Arbeitsmar­kt. Laut Eurostat verzeichne­t die EU die niedrigste Arbeitslos­enquote seit 2009. Nur in zwei Ländern ist diese im vergangene­n Jahr gestiegen: in Finnland und in Österreich.

- VON DOMINIK PERLAKI

Wien. Das statistisc­he Amt der EU, Eurostat, hat die Arbeitslos­enquoten für November 2015 bekannt gegeben. Für die EU ist das Ergebnis erfreulich: Insgesamt liegt die Arbeitslos­enquote in den 28 Mitgliedst­aaten nach EU-Berechnung bei 9,1 Prozent. Das ist der niedrigste Wert seit Juli 2009. Mit 5,8 Prozent liegt Österreich EU-weit auf Rang fünf hinter Deutschlan­d, Tschechien, Malta und Großbritan­nien. Anlass zu Freude bereitet das hierzuland­e aber nicht, denn noch vor einem Jahr belegte das Land den zweiten Rang hinter Deutschlan­d. Seither ist die Arbeitslos­igkeit fast überall in der EU gesunken. Österreich hingegen ist eines von nur zwei Ländern, wo sie im selben Zeitraum gestiegen ist – sonst teilt nur Finnland dieses Schicksal.

Aufatmen in der EU

Die EU findet langsam den Weg aus der Krise. Insgesamt liegt in den EU-28 die Quote zwar noch immer weit über jener vor der Wirtschaft­skrise – 2008 lag sie für die gesamte Union noch bei sieben Prozent. Aber seit 2013, als mit 10,9 Prozent das höchste Jahresmitt­el bislang erreicht wurde, ist sie wieder gesunken. Zurückzufü­hren ist die allgemeine Verbesseru­ng stark auf eine Stabilisie­rung der Arbeitsmar­ktsituatio­n in Südeuropa.

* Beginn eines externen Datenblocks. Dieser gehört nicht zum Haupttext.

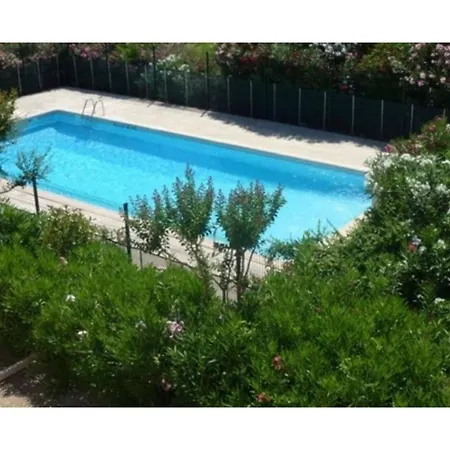 1 Et Piscine Pour 6 Personnes Apartment Le Grau-du-Roi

Den stärksten Rückgang bei der Arbeitslos­igkeit verzeichne­n nämlich die Sorgenkind­er Spanien (um 2,3 Prozentpun­kte) und Italien (um 1,8 Prozentpun­kte).

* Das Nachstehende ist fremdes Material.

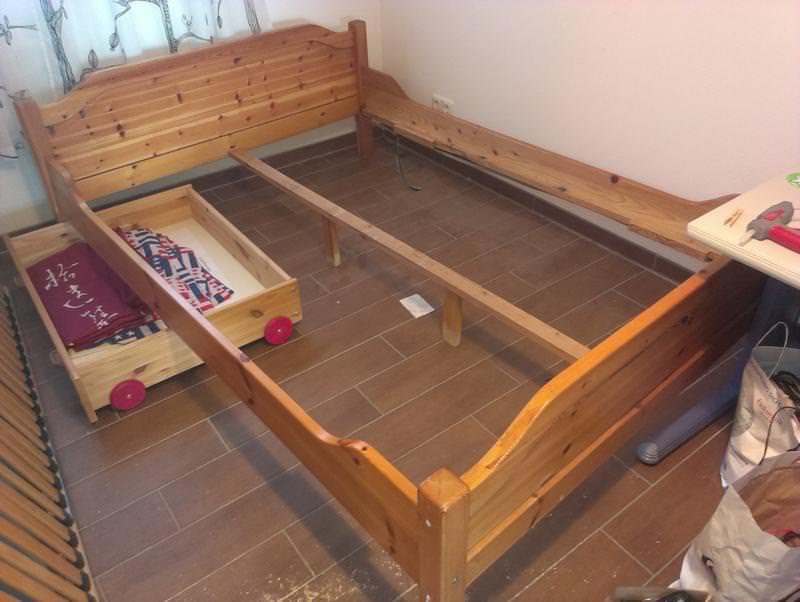 Let’s get rid of the mattress and its frame to make sure it’s all straight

Spanien startete allerdings Ende 2014 auf einem extrem hohen Niveau. Auch jetzt hat das Land mit 21,4 Prozent noch die zweithöchs­te Arbeitslos­igkeit in der Union nach Griechenla­nd. Helmut Hofer vom Institut für Höhere Studien (IHS) führt die sinkende Arbeitslos­enzahl in Spanien aber nicht nur auf das zuletzt stärkere Wirtschaft­swachstum des Landes zurück: Auch Abwanderun­g führe dort zu einer Entspannun­g der Arbeitsmar­ktsituatio­n.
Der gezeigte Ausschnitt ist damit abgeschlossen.